Dès lors que les parties sont modélisées et la sculpture reconstruite, il est entrepris l'analyse de la statique de l'œuvre. Le centre de gravité de la partie supérieure est calculé. Il se trouve positionné au croisement des deux lignes sur l'image ci-dessus. Sur l'image ci-dessous, le volume est divisé en quartier par deux plans perpendiculaires passant par la verticale du centre de gravité.
Le volume du bloc dans lequel la statue a été taillée, si tant est qu’il fut cubique, aurait donc été de 2,53 m3. Or le volume global de la statue mesuré par le logiciel sur le modèle informatique est de 0,185 m3. L’œuvre n’occupe donc que 7,3 % du volume cubique dans lequel elle s’inscrit. Le sculpteur aura enlevé plus de 9/10e de la matière pour réaliser son œuvre.
La statue étant fragmentée en deux parties, la base et le corps, le volume se répartit donc comme suit :
- Base : 102201361 mm3 soit 0,1022 m3
- Corps : 82926506 mm3 soit 0,0829 m3
Si la densité du marbre est de 2,7 (il semble en effet assez dense) les valeurs approchées du poids de l’œuvre seraient respectivement de :
- Base : 275,94 kg
- Corps : 223,83 kg
Soit un poids total de 499,79 kg
La colombe et la fourmi
Sculpture en marbre de Corbel, musée du Berry de Bourges
La statue est taillée dans un marbre gris fin. Le personnage, un jeune homme grandeur nature doit mesurer environ 1,70 m, sa dimension étant prise par tronçon du fait de sa forte cambrure arrière (du sommet de la tête à l’un puis l’autre des talons, elle ne mesure que respectivement 1,45 à 1,55 m).

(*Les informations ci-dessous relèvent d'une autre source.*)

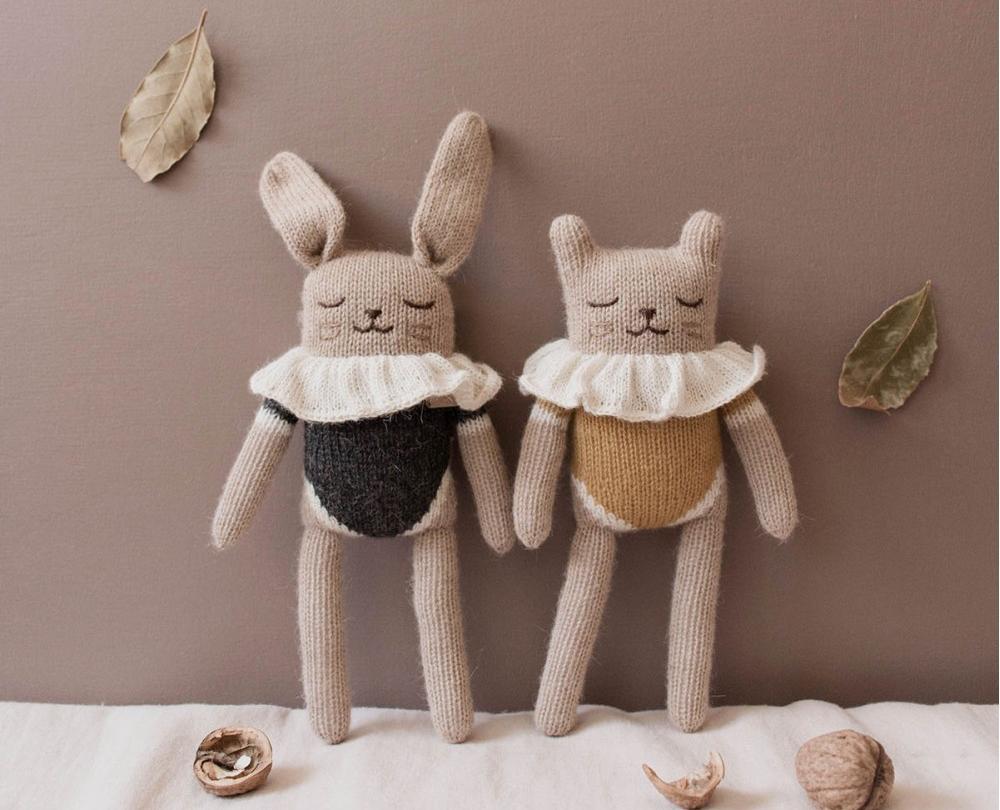 Main Sauvage Kitten knit toy | ochre bodysuit image 1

La statue quant à elle, du fait de l’altitude de la base et du geste ample du personnage, prend place dans un volume englobant beaucoup plus vaste dont les dimensions atteignent, 2,176 m de hauteur, 0,911 m de profondeur et 1,277 m de largeur, dans une disposition orthogonale dirigée, par le plan du sol naturellement et deux plans tangents au socle, l’un à l’arrière (côté opposé à l’inscription et à la face du personnage) et l’autre à son côté droit. Les deux plans opposés sont de fait tangents aux extrémités des doigts de la main gauche pour la face et à ceux de la main droite pour le côté droit.
L'audace technique du sculpteur a créée des zones de fragilité structurelle sur les isthmes de la matière (cheville droite, pied gauche, jonction du pont et de la cuisse) dont les efforts considérables occasionnés par une manutention ont provoqué la rupture.

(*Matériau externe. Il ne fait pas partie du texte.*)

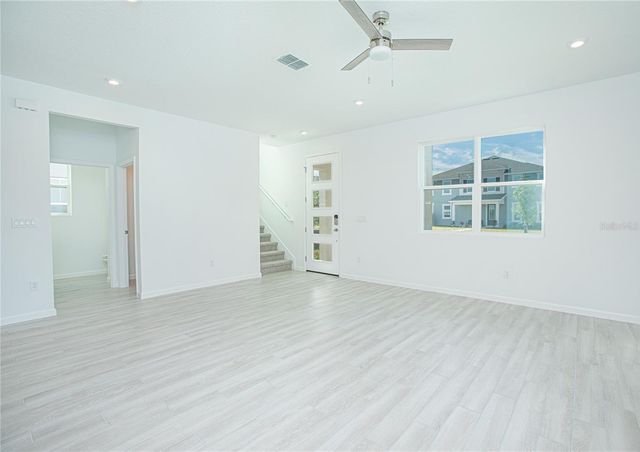 11512 SUNSAIL AVENUE, Orlando, FL 32832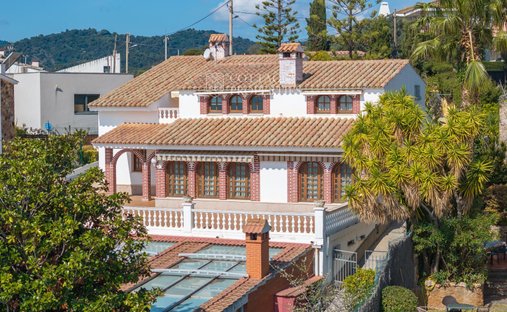 Villa in Santa Susanna, Catalonia, Spain 1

En C, comme en A, la retenue au basculement du corps vers l’avant s’exerce à la fois en traction sur le tenon métallique qui relie les deux parties, mais aussi dynamiquement en traction et en pression le long du tronc en pierre et plus particulièrement au niveau où il est le plus étroit.
Enfin, ne perdons pas de vue les efforts statiques qui s’accroissent considérablement en dynamique sur les parties saillantes du corps dont le poids propre s’exprime en porte-à-faux. Quelle valeur serait susceptible d’engendrer une cassure lors de transport ou de choc accidentel au sol sur les isthmes de la matière en C et en D sur le parcours des bras ?
En B, je veux indiquer une possible faiblesse qu’il pourrait falloir évaluer lorsque l’axe du centre de gravité sort du corps de la jambe porteuse. C’est le cas à deux endroits, au dessus du genou et au niveau de la cheville où cet effort en cisaillement est à considérer sur la pierre comme sur l’insert métallique.
En A, je représente les efforts de retenu du balancement du corps tels qu’ils s’exercent dynamiquement dans la jambe gauche et son attache lors d’un déplacement de l’objet. Cet effort est évidemment plus critique au niveau de la cheville et à la jonction des deux parties où il s’exerce en tension sur le câble, en cisaillement sur le tenon de centrage et en pression sur les doigts qui forment une retenue saillante sur la base.